When he saw a doctor and asked about the cure, the answer was blunt:
There’s no known treatment.
In Scott’s words:
“My dream of being a cartoonist for the rest of my life was over unless I found a way to be the first person in the world to beat focal dystonia”
So what did he do?
Back to Scott:
“At my day job, as I sat through endless boring meetings, I started practicing my drawing motion by touching my pen to paper for a full second before feeling the onset of a pinkie spasm. Eventually it was two seconds, then five.
One day, after I trained myself to hold pen to paper for several seconds without a spasm, my brain suddenly and unexpectedly rewired itself and removed the dystonia altogether.
My hand doctor said I’m part of the literature on this topic now”

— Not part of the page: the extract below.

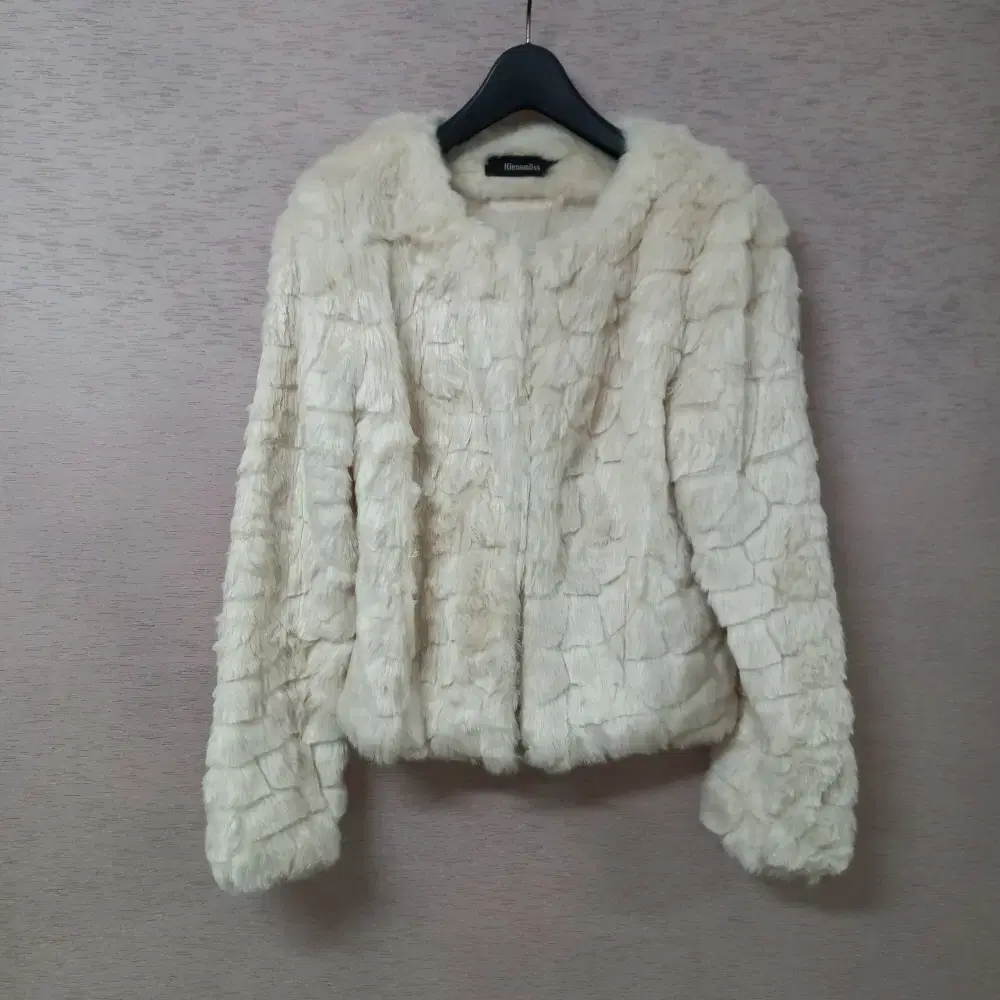 12-8/KIENAMOS Beige soft fur jacket women's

I found this story reassuring.
Not because I’m suffering from Coaching Carpal Tunnel or Daily Email Elbow.
But
because I like the idea of my day job being a quiet enabler.
Right now, I’m holding down my 9 to 5 banking job while trying to be a good dad, partner, brother, son and friend. And I’m doing all this while writing daily emails and growing my coaching business.
Part of me wishes I didn’t have a 9 to 5 job at all. That way, I could put more time and attention into everything else.
But there’s another part of me that knows it’s a huge advantage working a 9 to 5 while growing a biz like this too.
So the question I’m asking is:
How can I leverage my job for my business?
The 34 Mindset Workshops I’ve run over the last 12 months are clearly one way. In
fact, they’re almost a perfect way. I can genuinely help my banking colleagues find less stress and more clarity while building my coaching chops and snagging a few testimonials in the process.
So everyone’s a winner.
But what I’m wondering is:
What else?
Could I start a newsletter at work?
Could I find a way to get my new book into the hands of all my colleagues? (won’t be long until it’s published now, although I’ve been saying that for a while…)
Could I even start adhoc watercooler coaching sessions?
I don’t have the answers to these questions, but it is something I’m thinking about.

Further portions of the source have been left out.